Отсюда следует, что научное значение могильникам сегодня ещё не исчерпано. Пример тому — анализ погребений «кудыргинского типа», трактовавшихся ранее из-за неустойчивости и погребального обряда как разновременные захоронения. Однако, как считает П.П. Азбелев, следует говорить о чёткой системе погребального обряда Кудыргэ, не имеющей прямых аналогий на Саяно-Алтае. Вывод о «стандартно соотнесённых» раздельных погребениях человека и коня, кроме могилы 18, сделанный по документированным наблюдениям, может быть принят.
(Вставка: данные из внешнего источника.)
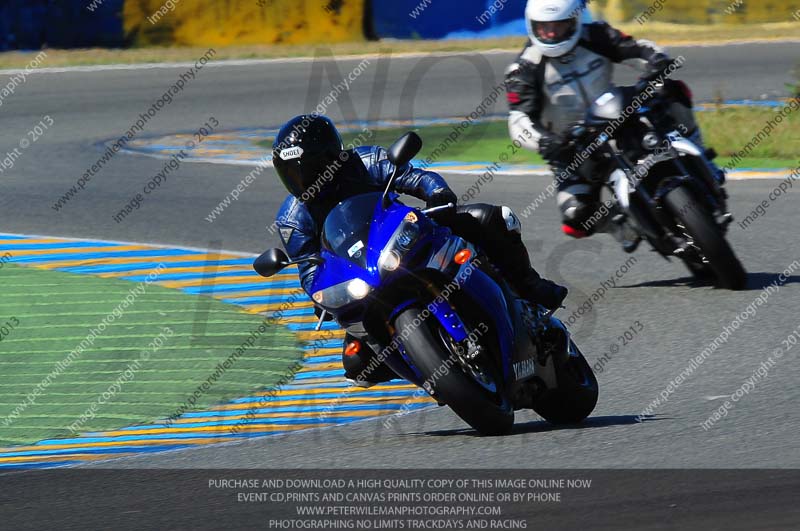 16th september 2013;event digital images;france;le mans;motorbikes;no limits;peter wileman photography;trackday;trackday digital images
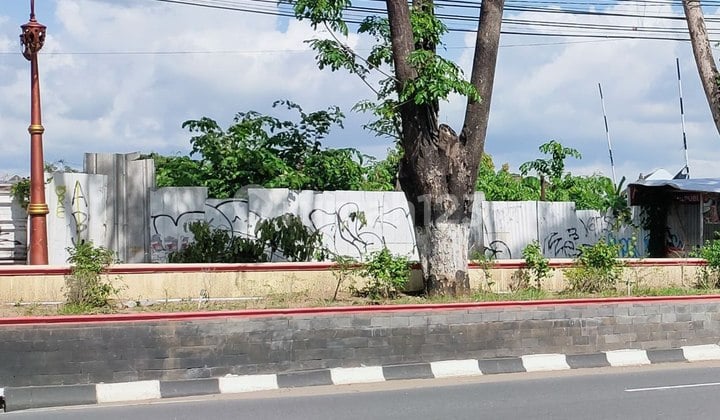 For Sale: Strategic Land by Sukoharjo Road Near Government Offices
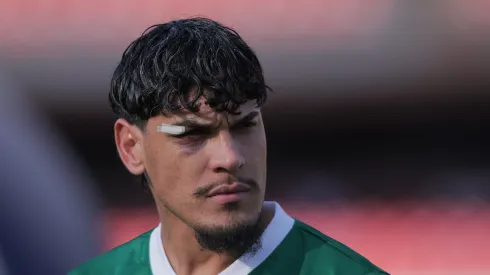 Gustavo Gómez quase fechou com o Flamengo antes do Palmeiras.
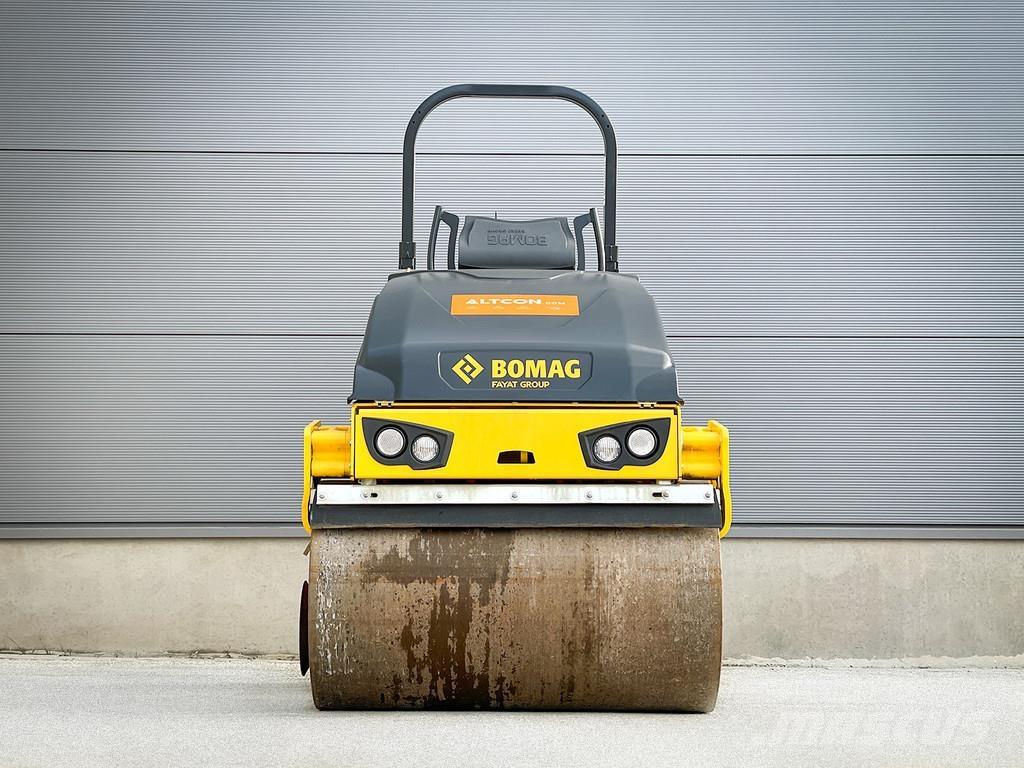Bomag BW 120 AC-5 Rulli Combinati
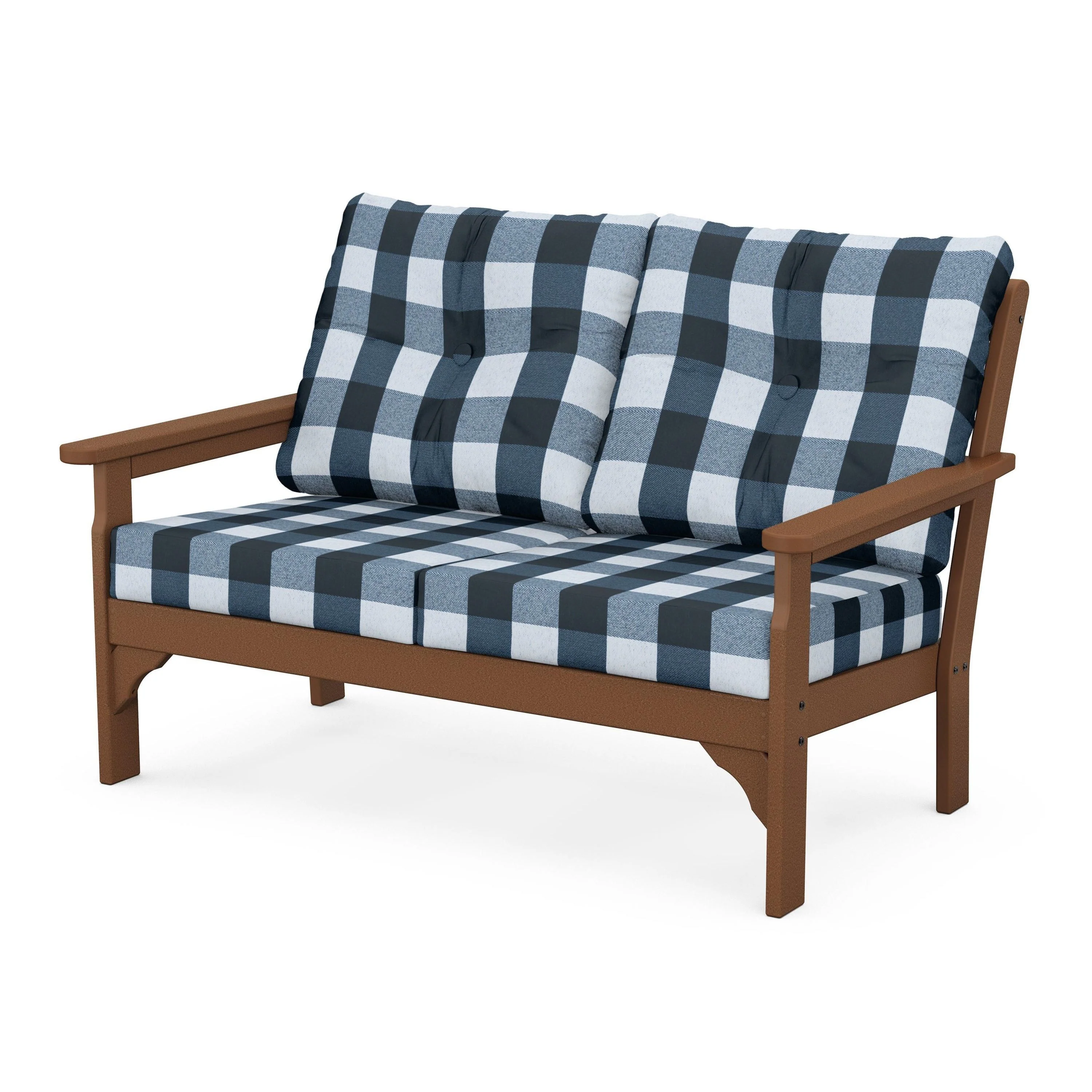 Vineyard Deep Seating Loveseat - Image 97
Но значительно важнее другое — основанный на этих наблюдениях вывод о могильнике Кудыргэ как о компактном инокультурном и иноэтничном кладбище отдельной кочевой группы, недолго обитавшей на Алтае [Азбелев, 2000, с. 4]. Новая версия прочтения кудыргинских погребений важна ещё и потому, что вновь возвращает нас к вопросу о датировке кудыргинского комплекса и его более глубоком анализе в контексте евразийской археологии.

(224/225)

 

Для датировки могил «кудыргинского типа» исключительное значение, по П.П. Азбелеву, имеет «колчанная пряжка» из могилы 15 византийского типа Бал-Гота или Сиракузы (?) [1]. По A.A. Гавриловой, это «обломок венчика медного сосуда», находившийся в центре ямы, где найден ещё роговой наконечник стрелы с раздвоенным насадом [Гаврилова, 1965, с. 26, табл. XXI, 5].

 

Согласно В.Б. Ковалевской, тип пряжек Бал-Гота — это овальнорамчатые пряжки с геральдическим щитком, с плавно изогнутыми боковыми гранями, заканчивающимися острым выступом или бородкой. Все такие щитки имеют прорезной орнамент в виде трилистника, в профиле они прямые со шпеньковым или петлевидным креплением. Если следовать логике морфологического анализа по П.П. Азбелеву, она должна быть ближе всего к варианту 7а типа пряжек Бал-Гота, с гладким щитком и острым выступом. В.Б. Ковалевская для пряжек этого типа предлагает расширенную датировку — от VII до начала VIII в., так как этот тип лёг в основу нескольких новых вариантов местного производства в Крыму и на Северном Кавказе в VII-IX вв. Для типа пряжек Сиракузы предлагается также широкая датировка — VII-VIII вв. Одна из таких пряжек найдена в верхнеобском могильнике Умна 3 в кургане 3 и датируется VII — началом VIII в. [Троицкая, Новиков, 1998, с. 19]. Это односоставная пряжка со шпеньком и железным язычком, растительный орнамент нанесён гравировкой и сходен с орнаментом из пальметт на пряжках из Восточной Европы. В этой пряжке можно увидеть далёкие западные черты, но она без бородки или носика на щитке [Ковалевская, 1979, с. 23-24, табл. VII, 6-13]. В Сибири появление таких пряжек, видимо, надо относить ко второй половине VII в. Этому не противоречит датировка VII — началом VIII в. могильника Умна [Троицкая, Новиков, 1998, с. 19].

 

Если принять версию о том, что мы действительно имеем дело с одним из указанных типов византийских пряжек, то датировка сбруйных геральдических наборов Кудыргэ VII в., включая урало-сибирские аналогии, в том числе и таштыкские, представляется вполне вероятной. Самая заниженная датировка Изыхского склепа 1 с цельнолитыми геральдическими пряжками, с учётом материалов Кудыргэ, — не ранее конца VI — начала VII в. [Вадецкая, 1999, с. 122].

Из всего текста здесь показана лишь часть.